Не записала своей вечной, одной и той же – теми же словами! – молитвы перед сном.
   Но жизнь души – Алиной и моей – вырастет из моих стихов – пьес – ее тетрадок.
   Я хотела записать только день.
 
   Мы с Алей:
   Аля:
   – Марина! Сколько людей с такими прекрасными фамилиями я не знала! Например: Джунковский.
   Я: – Это бывший московский генерал-губернатор (?), Алечка.
   Аля: – А-а! Я знаю – губернатор. Это в Дон-Кихоте – губернатор!
   (Бедный Д<<жунков>>ский!)
 
   Я рассказываю:
   – Понимаешь, такая старая, старинная, совсем не смешная. Иссохший цветок, – роза! Огненные глаза, гордая посадка головы, бывшая жестокая красавица. И все осталось, – только вот-вот рассыплется... Розовое платье, пышное и страшное, потому что ей 70 лет, розовый парадный чепец, крохотные туфельки. Под вострым каблучком тугая атласная подушка – розовая же – тяжелый, плотный, скрипучий атлас... И вот, под удар полночи – явление жениха ее внучки. Он немножко опоздал. Он элегантен, галантен, строен, – камзол, шпага...
   Аля, перебивая:
   – О, Марина! – Смерть или Казанова!
   (Последнего знает по моим пьесам «Приключение» и «Феникс».)
 
   – Алечка, какое должно быть последнее слово в «Бабушке»[36]? Ее последнее слово, – вздох, вернее! – с которым она умирает? —
   – Конечно – Любовь!
   – Верно, верно, совершенно верно, только я подумала: Амур.
   Объясняю ей понятие и воплощение:
   – Любовь – понятие, Амур – воплощение. Понятие – общее, круглое, воплощение – острие, вверх! все в одной точке. Понимаешь?
   – О, Марина, я поняла!
   – Тогда скажи мне пример.
   – Я боюсь, что это будет неверно. Оба слишком воздушны.
   – Ничего, ничего, говори. Если будет неверно, скажу.
   – Музыка – понятие, голос – воплощение. (Пауза.) И еще: доблесть – понятие, подвиг – воплощение. – Марина, как странно! Подвиг – понятие, герой – воплощение.
 
   – Аля! Какая прекрасная вещь – сон!
   – Да, Марина, – и еще: бал!
 
   – Аля! Моя мать всегда мечтала умереть внезапно: идти по улице и, вдруг, со строящегося дома – камень на голову! – готово.
   Аля, чуть позабавленно:
   – Нет, Марина, мне это не особенно нравится, камень... Вот если бы – все здание!
 
   Аля, перед сном:
   – Марина!
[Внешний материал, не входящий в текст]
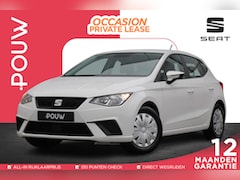 Seat Ibiza - 1.0 TSI 95pk Style | Full link Navigatie | Climate Control | Cruise Control | DAB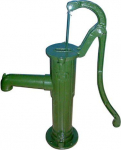 Hand Pump HS-H-4A
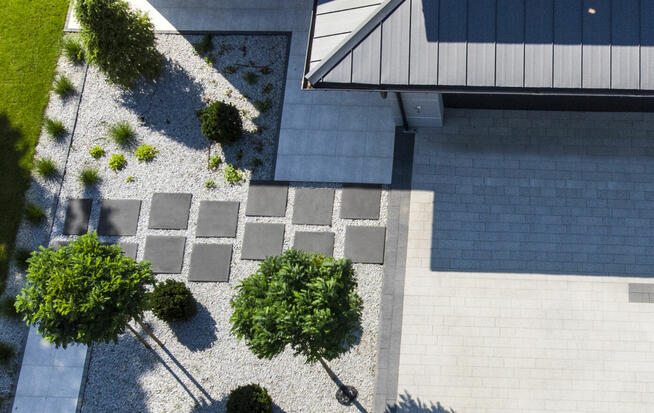 Brukstone Kostka i Kamień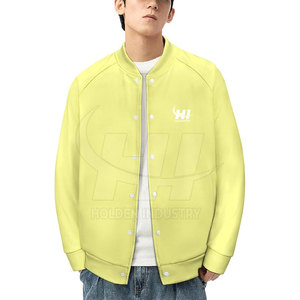 Premium <b>Letterman</b> <b>Jacket</b> Warm Fabric <b>Letterman</b> <b>Jacket</b> Modern Style <b>Letterman</b> <b>Jacket</b> Daily Use - Product Image 4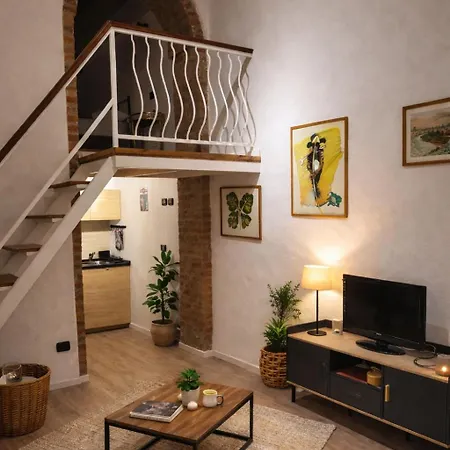 Comfort Loft Porta Romana Centro Apartment Milan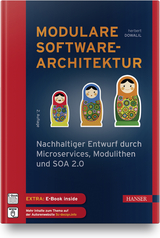 Modulare Softwarearchitektur - Herbert Dowalil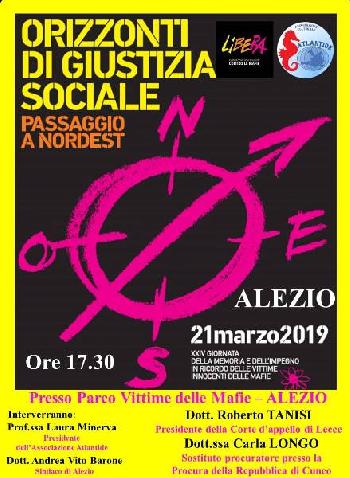 Memoria e Impegno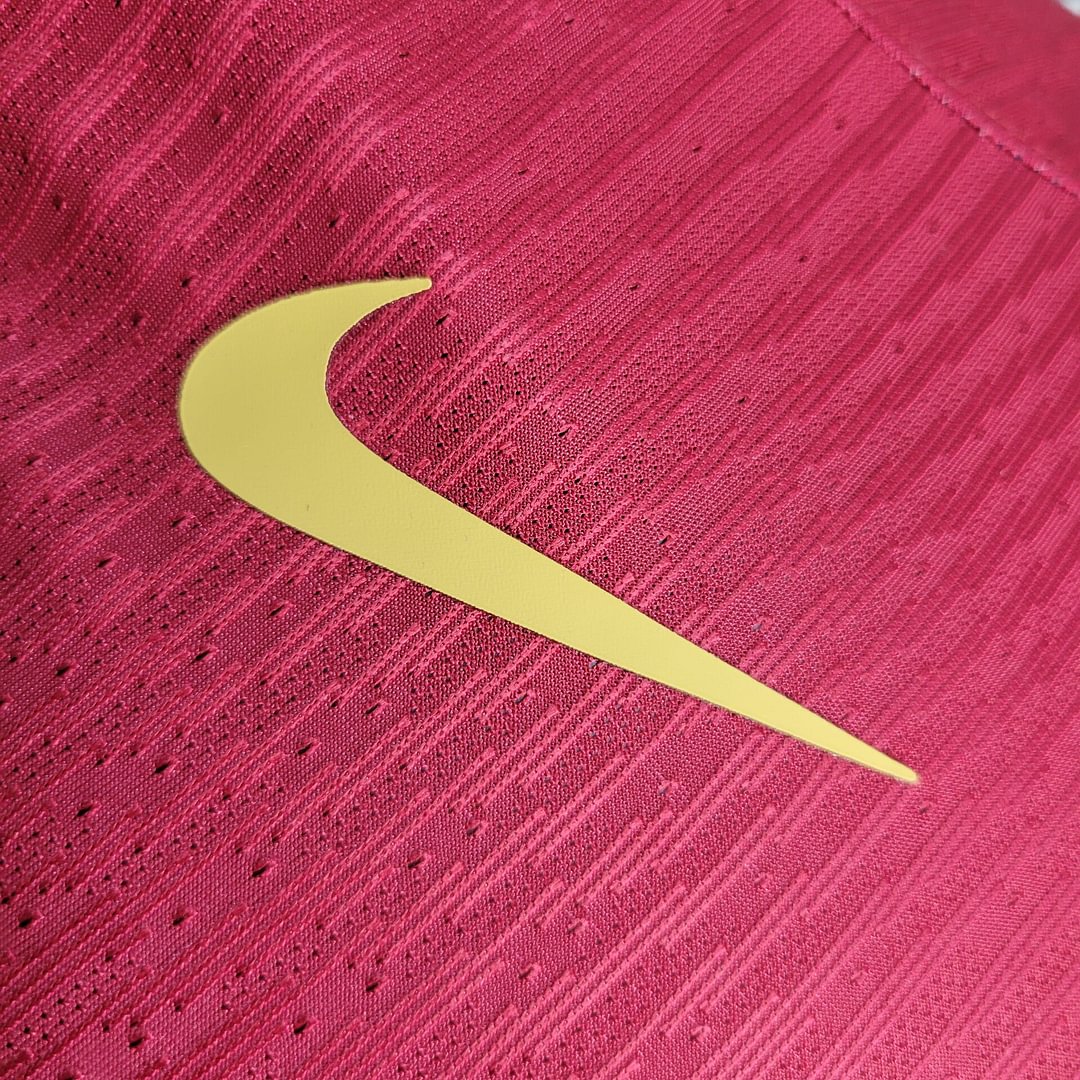 2024/2025 Barcelona Home Football Shirt(Player Version)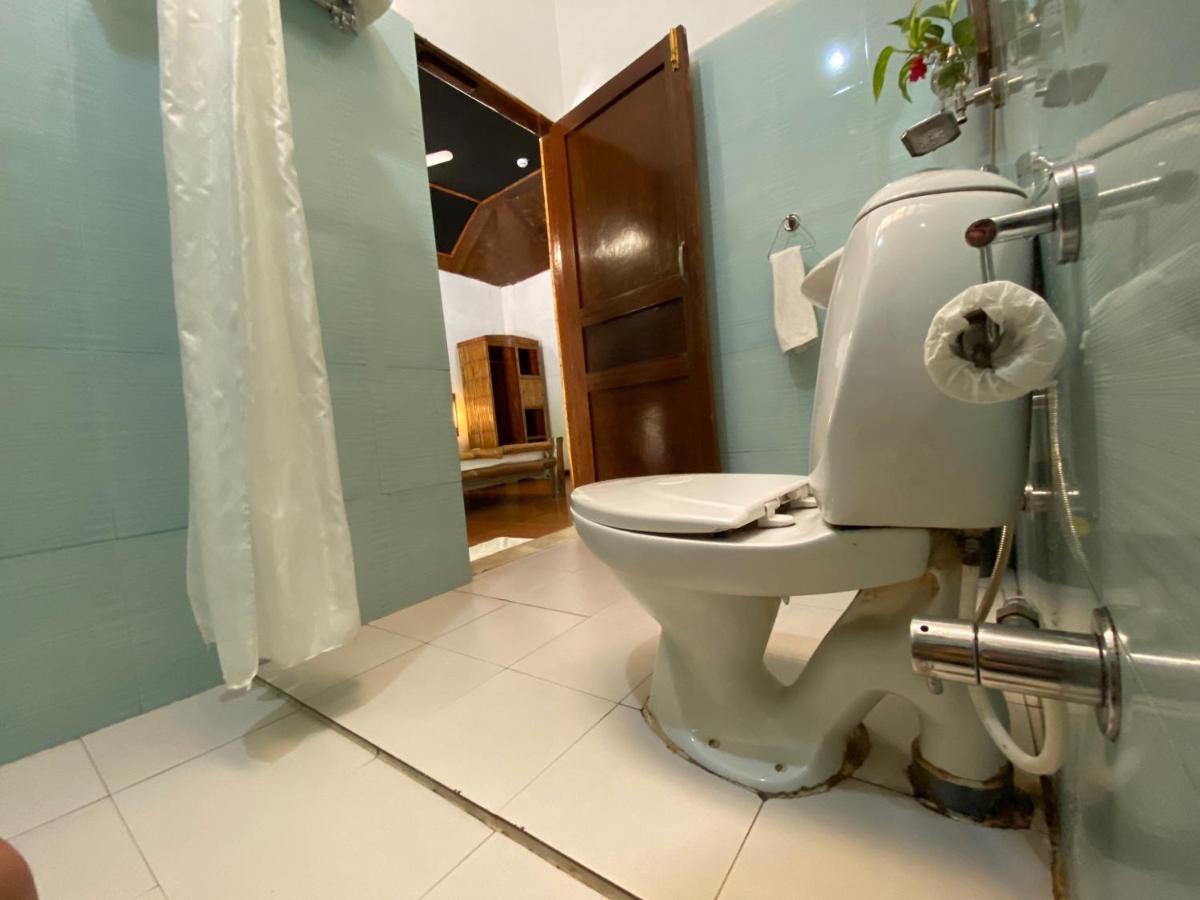 Wild Orchid Hotel Kala Pathar Beach Bagian luar foto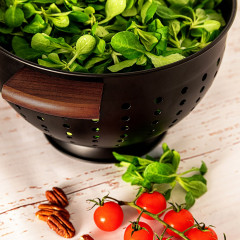 Миска-дуршлаг «Ebano» - Фото 1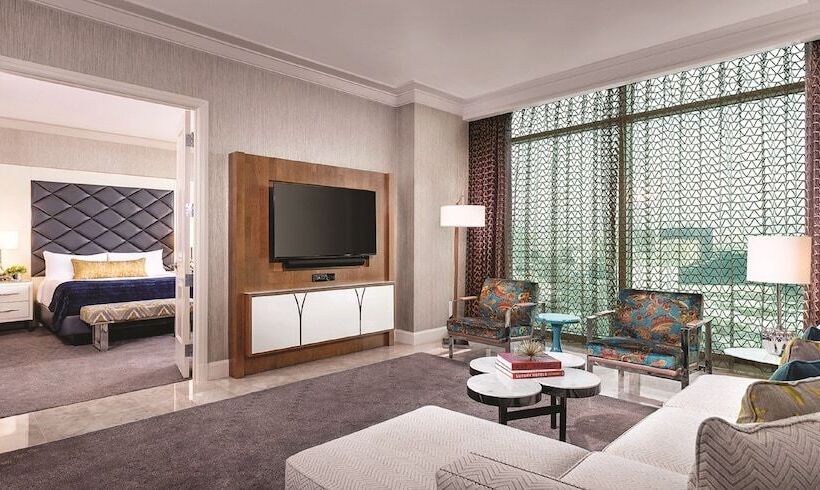 Номер Стандарт, Mandalay Bay Resort And Casino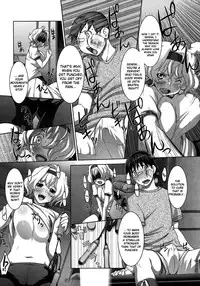 [Kei Jiei] S and M - Senpai and Manager [English]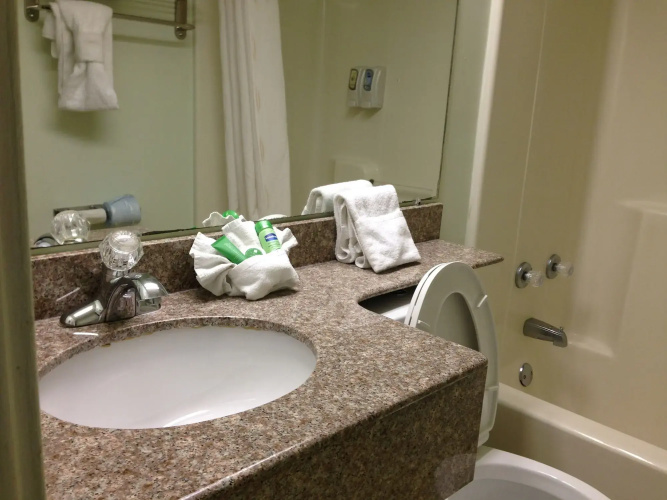 Guest Inn Pigeon Forge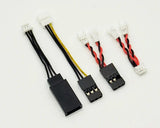 Furitek FUR-2738 NanoModo 2026 Brushless Power System with NanoPython and NanoKomodo for Axial SCX30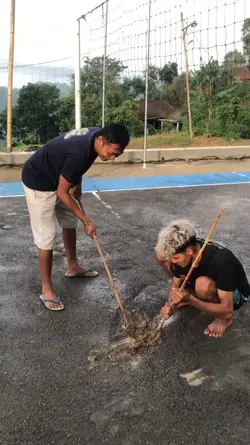 arep poli opo ora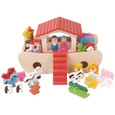 NOAH'S ARK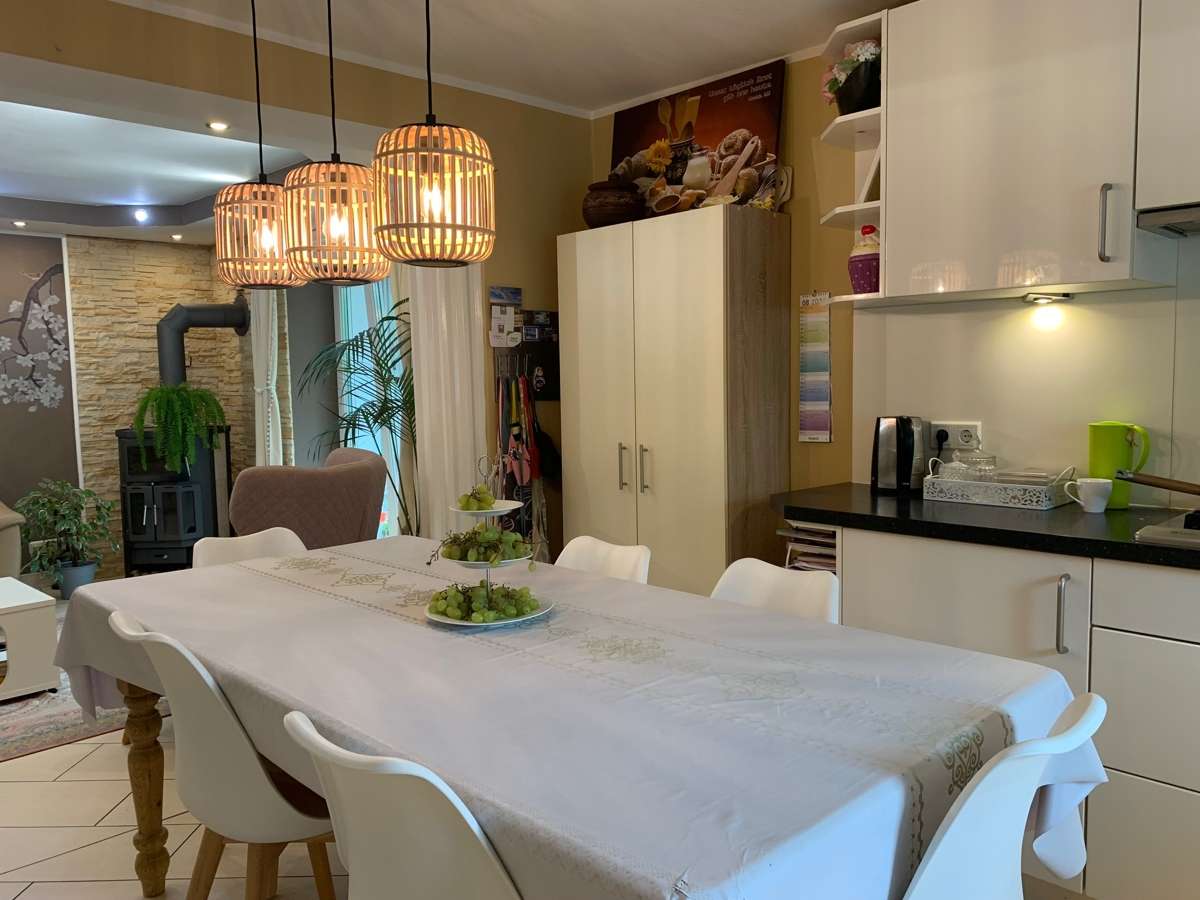 Immobilie in Asbach - HENNEF -Nähe-, Top freist. Einfam. Haus ca. 170 m² WNfl., mit evtl. Einliegerber., und 730 m² GrSt. - Bild 12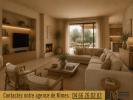 Acheter Maison 105 m2 Saint-quentin-la-poterie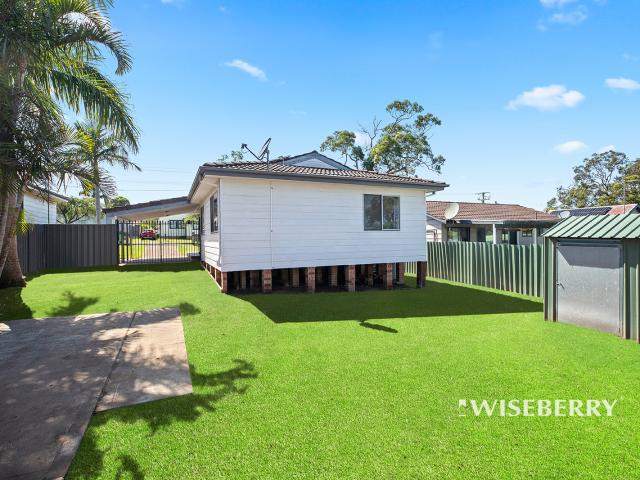 House for sale in San Remo, Central Coast Council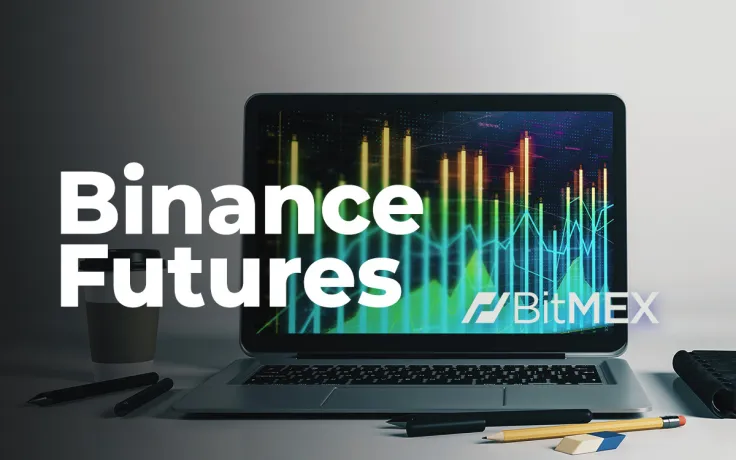 Binance Futures Exceeds BitMEX By Trading Volume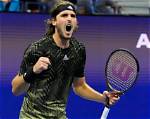 How Many Siblings Does Stefanos Tsitsipas Have? Meet Elisavet, Petros and Pavlos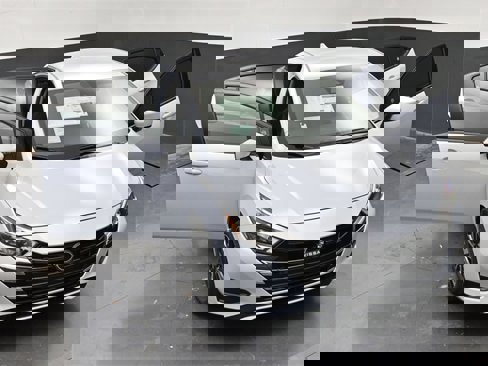New 2025 Nissan Versa SV w/ Trunk Package image 29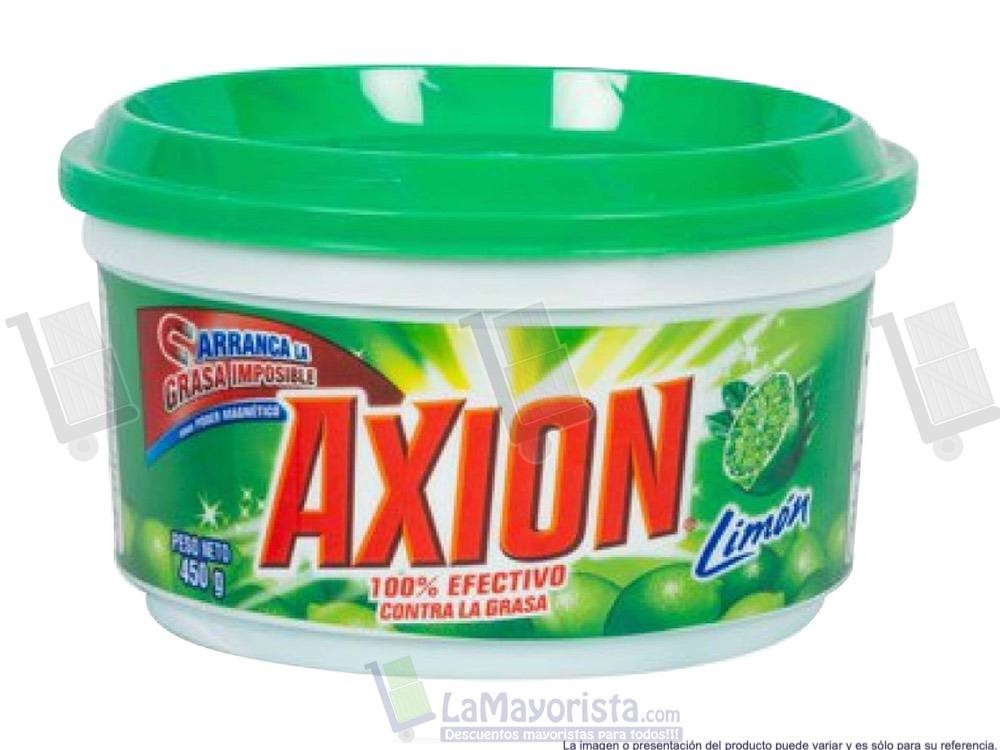 AXION LIMON  450gr.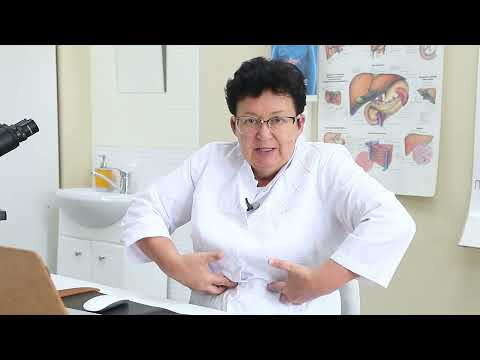 The first signs of pancreatitis, how to save the pancreas? [Shishova O.I.]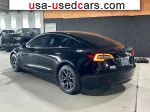 Car Market in USA - For Sale 2022  Tesla Model 3 Base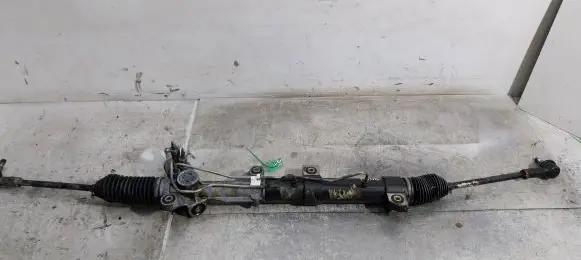 Mercedes-Benz Vito Viano W638 Steering rack 6384603000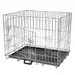vidaXL cage pour chiens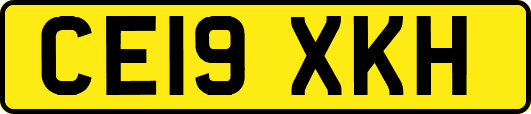 CE19XKH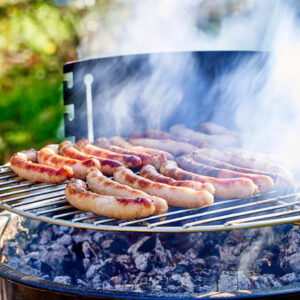 Lote de carne para barbacoa - conjunto 4 - 4 Kg.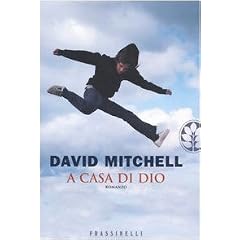 A casa di Dio (Narrativa)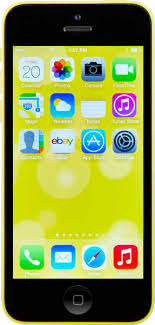 Shop apple iphone 5c 32gb cell phone (unlocked) green at best buy. Apple Iphone 5c 32gb Yellow Unlocked A1507 Gsm For Sale Online Ebay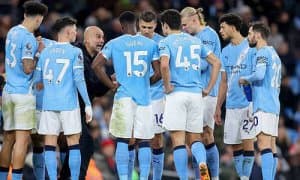 “Сити” юлдузига қудратли харидор чиқди, ушлаб қолиш қийин бўлади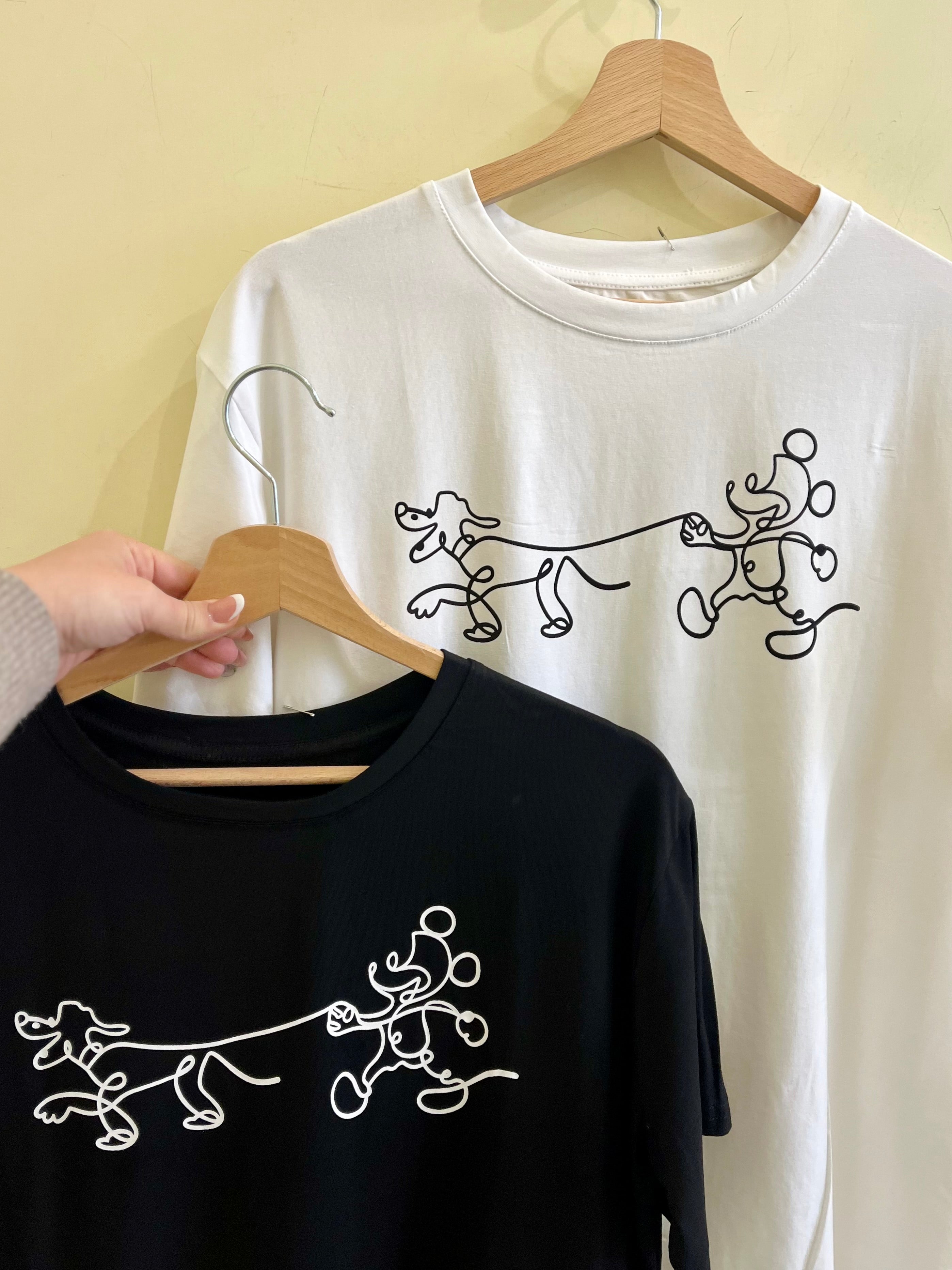 T-shirt Mickey Mouse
Желаю вам всего лучшего, что есть на свете. Может быть: что еще есть на свете...
 
   Если эта зима пройдет, я действительно буду fort comme la mort[37] – или просто morte[38] – без fort[39] – с e-muet[40] на конце.
 
   Гастрономические магазины сейчас похожи на витрины парикмахерских: все эти сыры – желе – пасхи ничуть не живее восковых кукол.
   Та же легкая жуть.
 
   О, «Wahrheit und Dichtung»[41]! И останавливаюсь, ибо в этом возгласе столько же восторга, сколько неудовлетворенности. Гёте захотел одновременно дать историю своей жизни и своего развития, и это у него не слилось. Целые места, точно вставленные – «hier gedenke ich mit Ehrfurcht eines gewissen X-Y-Z»[42] – и так десятки страниц подряд. Если бы он вплел этих «treffliche Gelehrte»[43] в свою жизнь, заставил бы их входить в комнату, двигаться, говорить, не получалось бы местами такой схематичности (нарочитости): вот человек вздумал отблагодарить всех, кто способствовал его развитию – и перечисляет. Не скучно, – все значительно, но сам Гёте как-то уходит, уже не видишь его черных глаз...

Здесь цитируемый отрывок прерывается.